**What you will do:**
An exact reproduction is needed of every line from the beginning of the data down to and including the line that contains "Pittsburg apartment for", minus the pictures.

**Entries supplied:**
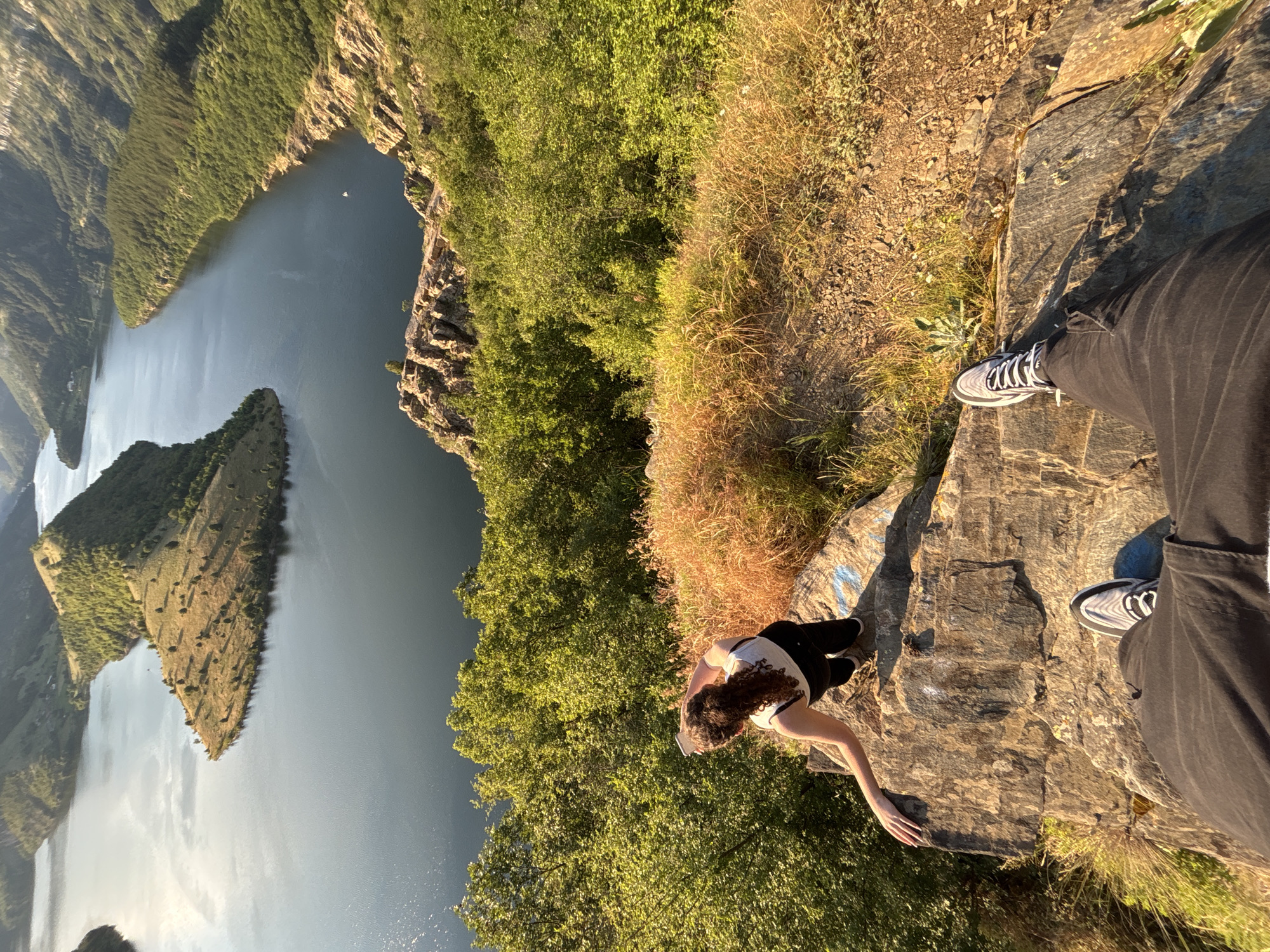 An elevated, wide-angle shot captures a young woman standing on a rocky cliff overlooking a vast, winding river and mountainous landscape. The woman, viewed from behind, is wearing a white tank top and black pants. She is holding a white mobile phone in her right hand, angled upwards. Her left arm is extended to her side, resting on the rock. The foreground is dominated by the rocky cliff edge, with the legs and feet of another person, wearing black pants and athletic shoes, visible from a first-person perspective, suggesting they are the photographer. The background features a serene body of water with a distinctive, wedge-shaped island covered in sparse vegetation and trees. The river is bordered by steep, tree-covered mountains, with the sun casting long shadows, indicating it is either early morning or late afternoon. The location is the viewpoint above the confluence of the Byala Reka and Arda rivers, near the town of Borovitsa, Bulgaria.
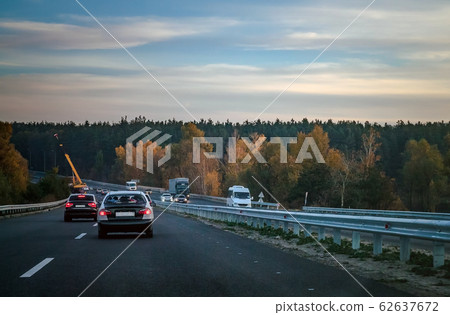 Autumn evening highway-highway along which cars and truck wagons ride along yellow trees Autumn evening highway-highway along which cars and truck wagons ride along yellow trees 62637672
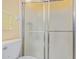 Clean and well-maintained bathroom includes a sliding glass shower door and a modern toilet at 922 S 80Th St, Mesa, AZ 85208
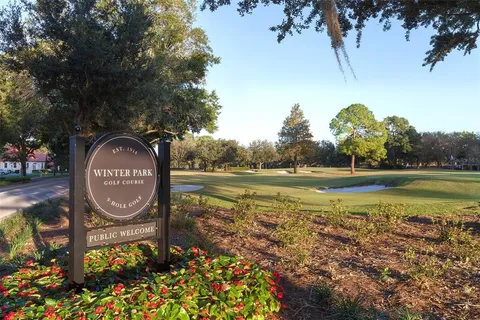 a view of a water fountain in front of retail shop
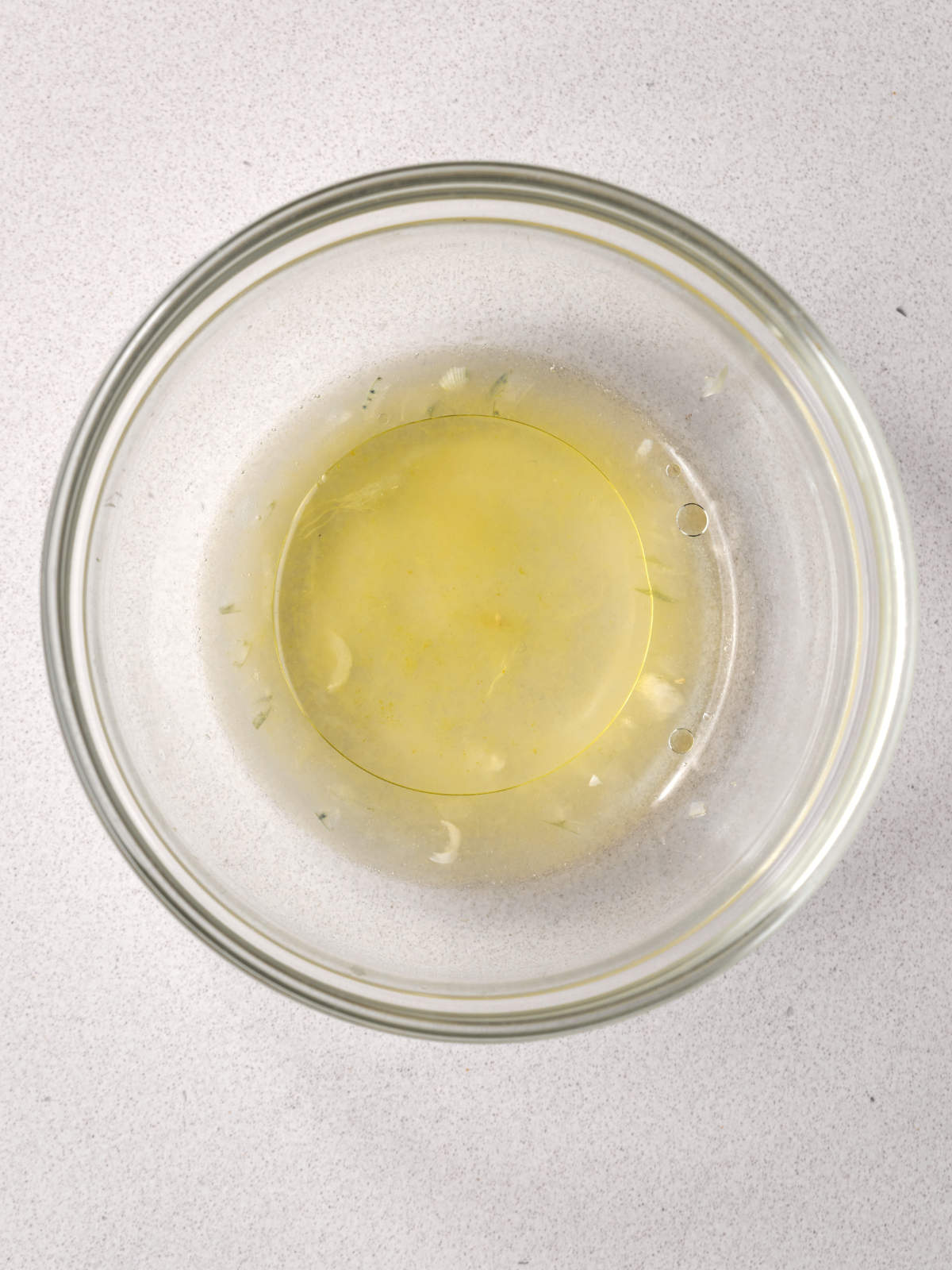 Yellow liquid in a small glass bowl.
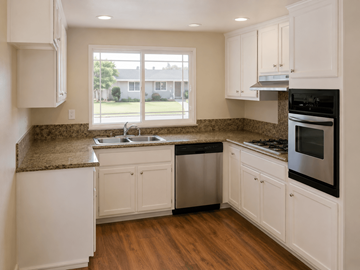 Pittsburg apartment for rent - A kitchen with white cabinets and a granite countertop.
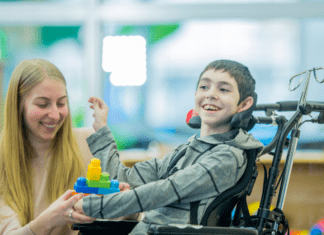 FDA aprova apitegromab (Isembyld): primeira terapia muscular para AME criança sorrindo, ao lado da cuidadora, em cadeira de rodas com atrofia muscular espinhal, que pode ser tratada com Apitegromab (Isembyld).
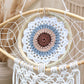 Détail du médaillon crocheté central de l'attrape-rêve avec mandala blanc, bleu, beige et marron sur cerceau en rotin.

**Task solution:**
 An elevated, wide-angle shot captures a young woman standing on a rocky cliff overlooking a vast, winding river and mountainous landscape. The woman, viewed from behind, is wearing a white tank top and black pants. She is holding a white mobile phone in her right hand, angled upwards. Her left arm is extended to her side, resting on the rock. The foreground is dominated by the rocky cliff edge, with the legs and feet of another person, wearing black pants and athletic shoes, visible from a first-person perspective, suggesting they are the photographer. The background features a serene body of water with a distinctive, wedge-shaped island covered in sparse vegetation and trees. The river is bordered by steep, tree-covered mountains, with the sun casting long shadows, indicating it is either early morning or late afternoon. The location is the viewpoint above the confluence of the Byala Reka and Arda rivers, near the town of Borovitsa, Bulgaria.
 Autumn evening highway-highway along which cars and truck wagons ride along yellow trees Autumn evening highway-highway along which cars and truck wagons ride along yellow trees 62637672
 Clean and well-maintained bathroom includes a sliding glass shower door and a modern toilet at 922 S 80Th St, Mesa, AZ 85208
 a view of a water fountain in front of retail shop
 Yellow liquid in a small glass bowl.
 Pittsburg apartment for rent - A kitchen with white cabinets and a granite countertop.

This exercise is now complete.